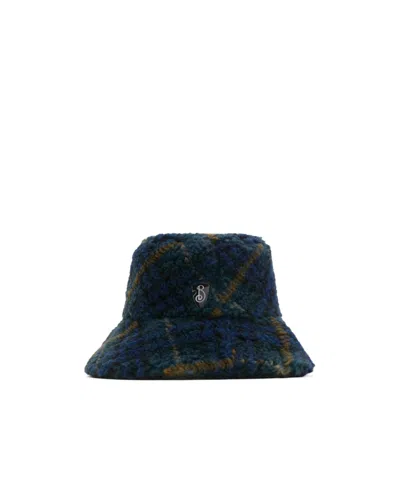 Burberry Checked Flannel Bucket Hat In Black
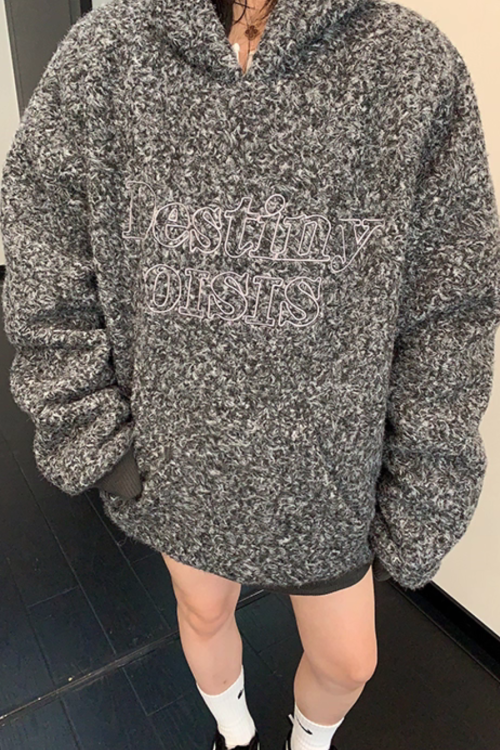 Retro Tweed Pullover Hoodie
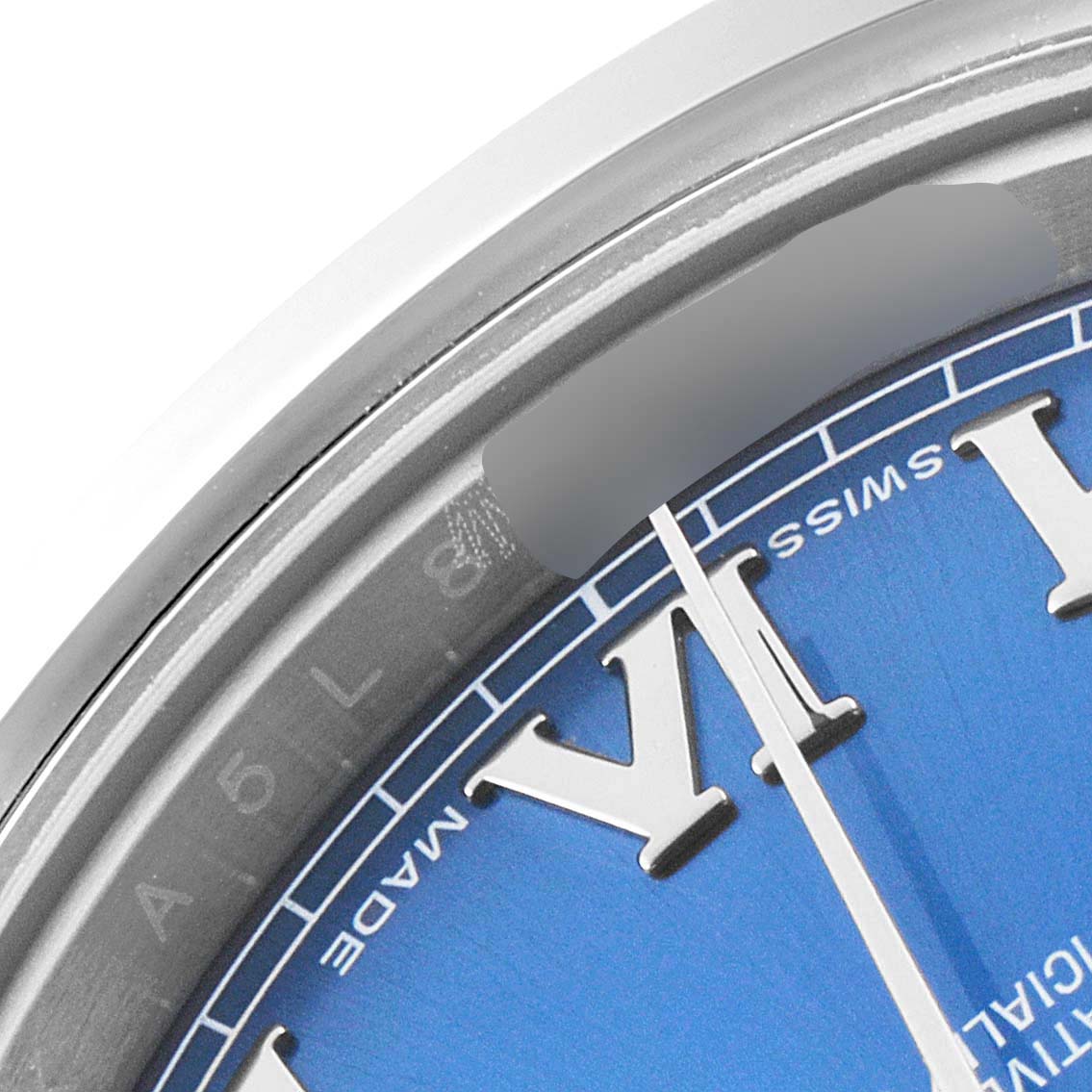The image shows a close-up angle of the dial, bezel, and part of the hour hand of a Rolex Datejust 41 116300 Men's Stainless Steel Blue Dial 116300 Men's Stainless Steel Blue Dial model.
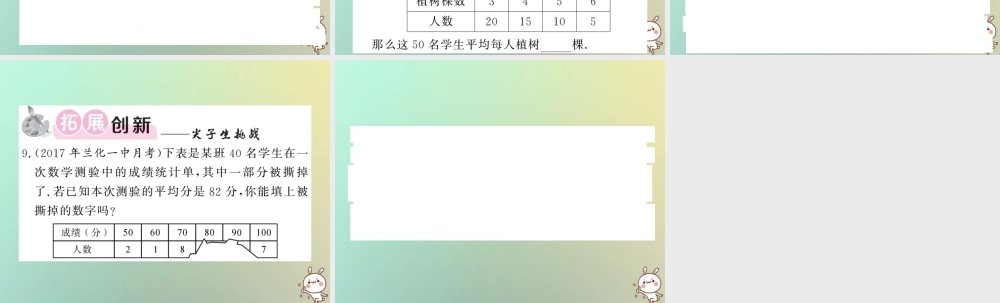八年级数学上册 第六章 数据的分析 6.1 平均数(1)习题课件 (新版)北师大版 课件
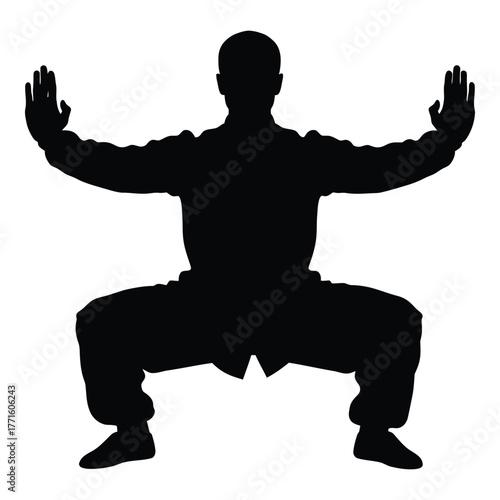 Silhouette of a martial artist in a wide stance with arms raised in a protective pose for martial arts and fitness silhouette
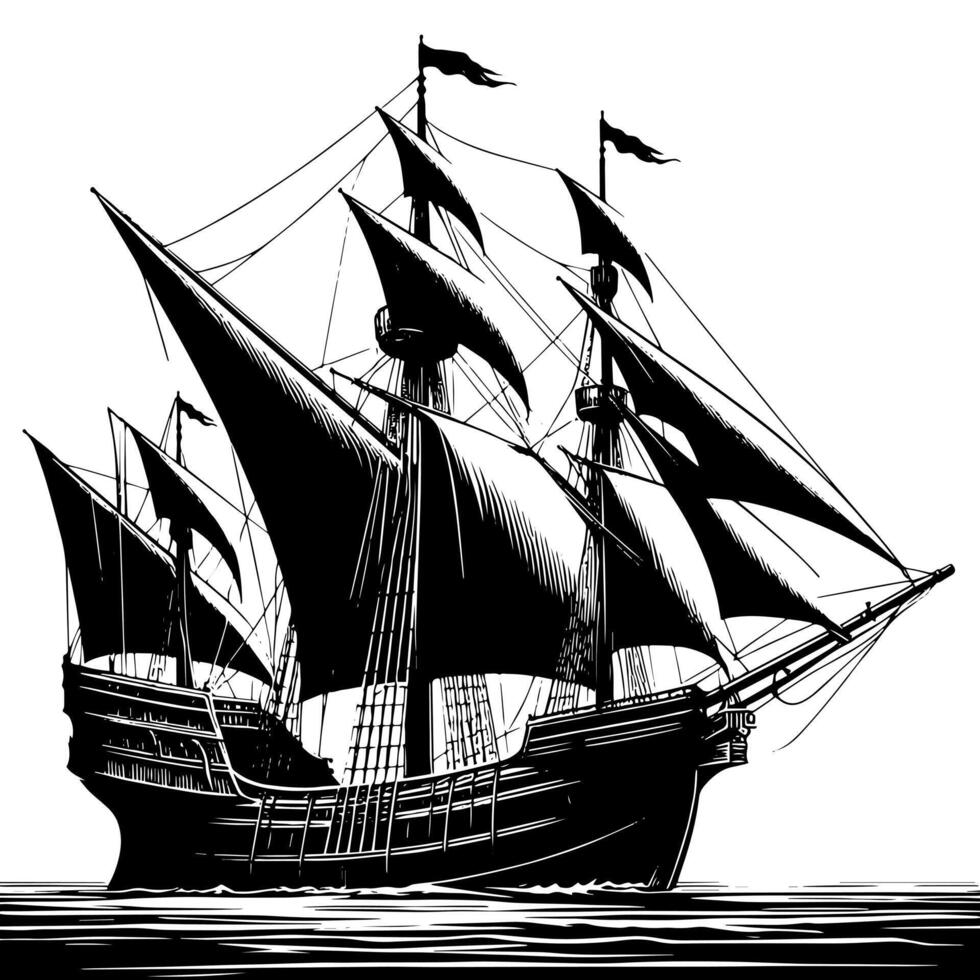 negro y blanco ilustración de un tradicional antiguo navegación Embarcacion vector
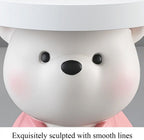 Bear Statue Side Table, Modern and Simple Resin Bedside Table, Small Accent Bear Table, Cute Home Decor for Living Room, Bedroom(Pink)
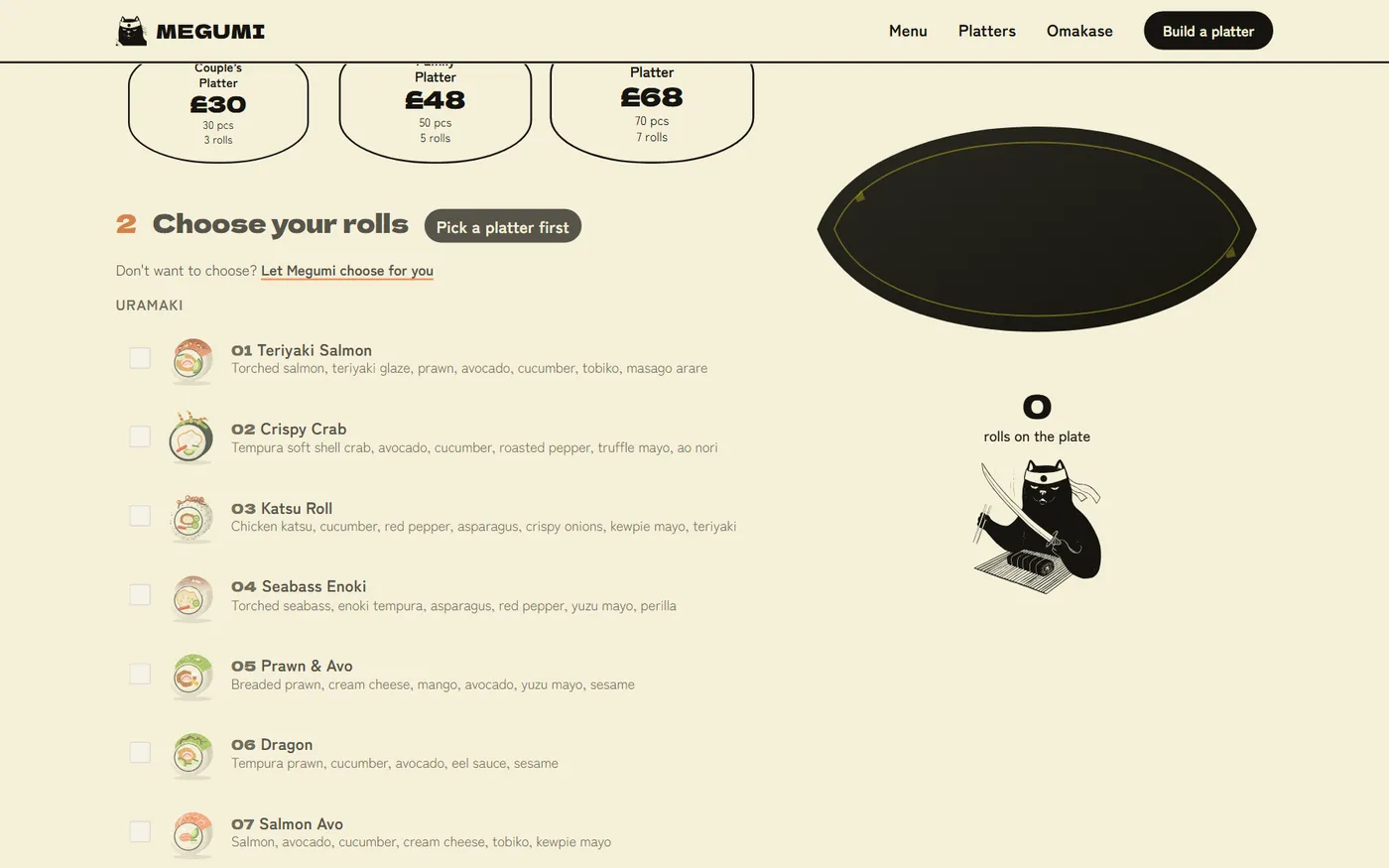 Megumi platter builder: choose a platter size, then pick your rolls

-=-=-

REQUIREMENT.
"Bear Statue Side" marks the first line to be returned; return exactly that line and every line after it through the last line of the listing, omitting pictures.

RESULT OF THIS EXERCISE.
 Bear Statue Side Table, Modern and Simple Resin Bedside Table, Small Accent Bear Table, Cute Home Decor for Living Room, Bedroom(Pink)
 Megumi platter builder: choose a platter size, then pick your rolls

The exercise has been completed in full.